Alors oui, il existe une autre hypothèse. Ultimum remedium, la démission du chef de l’Etat.
Car, n’oublions pas que tous les sondages se rejoignent depuis 6 mois, voire plus, pour montrer que c’est la personne d’E. Macron qui est rejetée. Plus encore que les considérations, certes majeures, de majorité ou de budget. E. Macron est devenu le problème. Une sorte de « nœud gordien » comme l’a si bien écrit G. Pompidou.
Comme l’a fait le général de Gaulle en 1969, il « suffira » au président de remettre sa démission au moment où il le jugera opportun. Il s’en suivra l’application de l’art. 7 C sur la vacance de la fonction. Ce sera au président du Sénat (M. Larcher en l’espèce) d’assurer alors l’intérim. Il exercera l’essentiel des pouvoirs présidentiels à l’exception des art. 11 (référendum) et 12 (dissolution). Mais à la vérité, il expédiera les affaires courantes et préparera la future élection présidentielle. A noter que c’est le CC qui constate la vacance (et sa date) et l’élection se déroule entre 20 et 30 jours après ladite vacance.

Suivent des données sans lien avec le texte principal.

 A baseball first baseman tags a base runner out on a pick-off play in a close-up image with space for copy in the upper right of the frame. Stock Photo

Pour le référendum de 1969 F. Bon a parlé, on l’a vu, de « suicide politique » ou de « nécessité stratégique ». Selon nous ce fut aussi une manière pour le général de sortir parle haut. Si tant est qu’il en ait eu besoin car, durant toute sa présidence, il a toujours prôné et pratiqué cet adage : « prenez invariablement la position la plus élevée, c’est généralement la moins encombrée ».

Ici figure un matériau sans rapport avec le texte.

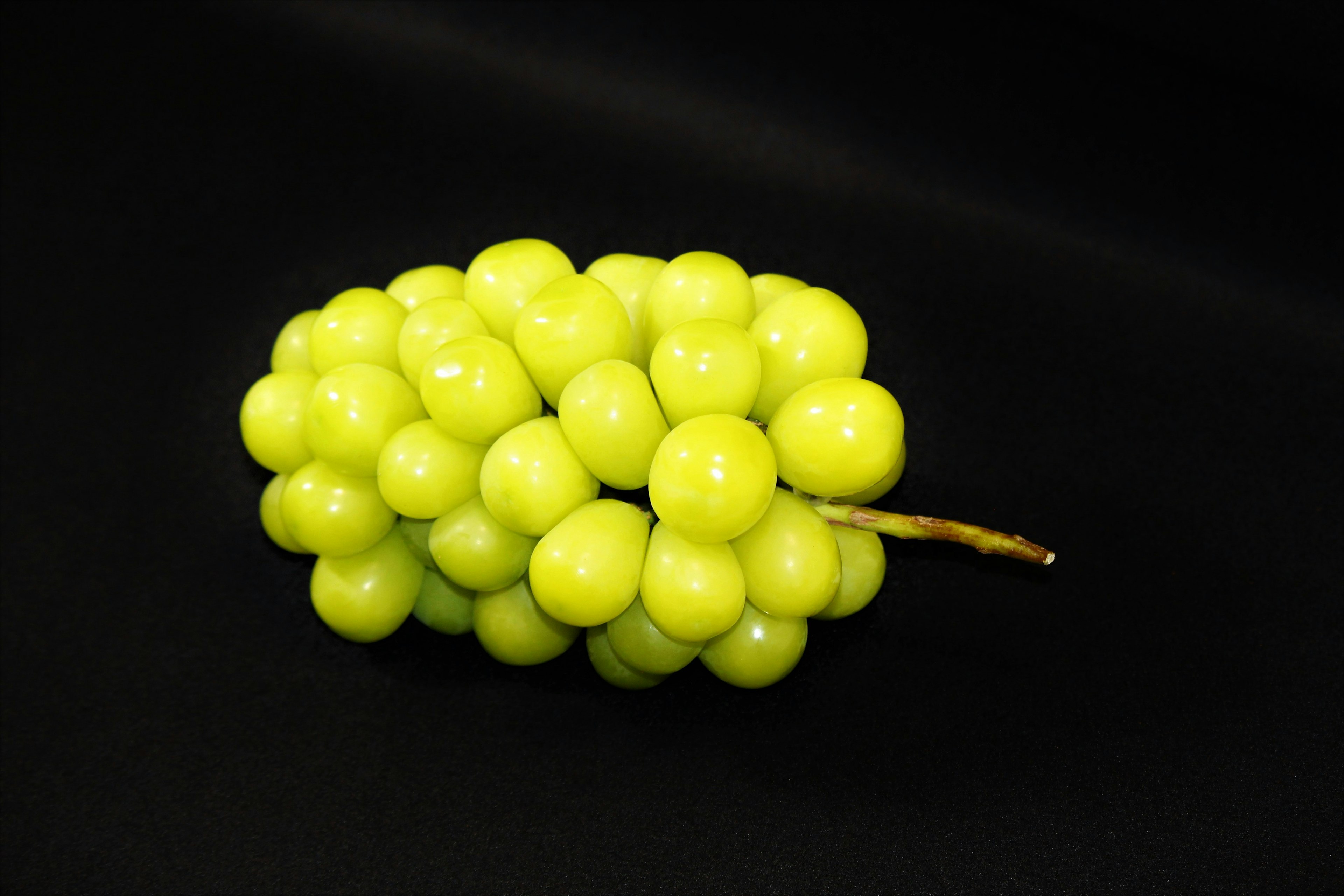 Racimo de uvas verdes sobre un fondo negro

Pour M. Macron ce serait, à notre avis, la seule solution pour essayer de sortir le moins mal possible de l’histoire. Pour, peut-être aussi, mettre le pays face à ses réalités ? Et puis, surtout, réfléchir sur soi-même….
“Est-ce que, lorsqu’on sait que l’on va partir, on acquiert une lucidité qu’on n’a pas eue auparavant ?” (G. Simenon).
Raphael Piastra
Maitre de Conférences en droit public des Universités.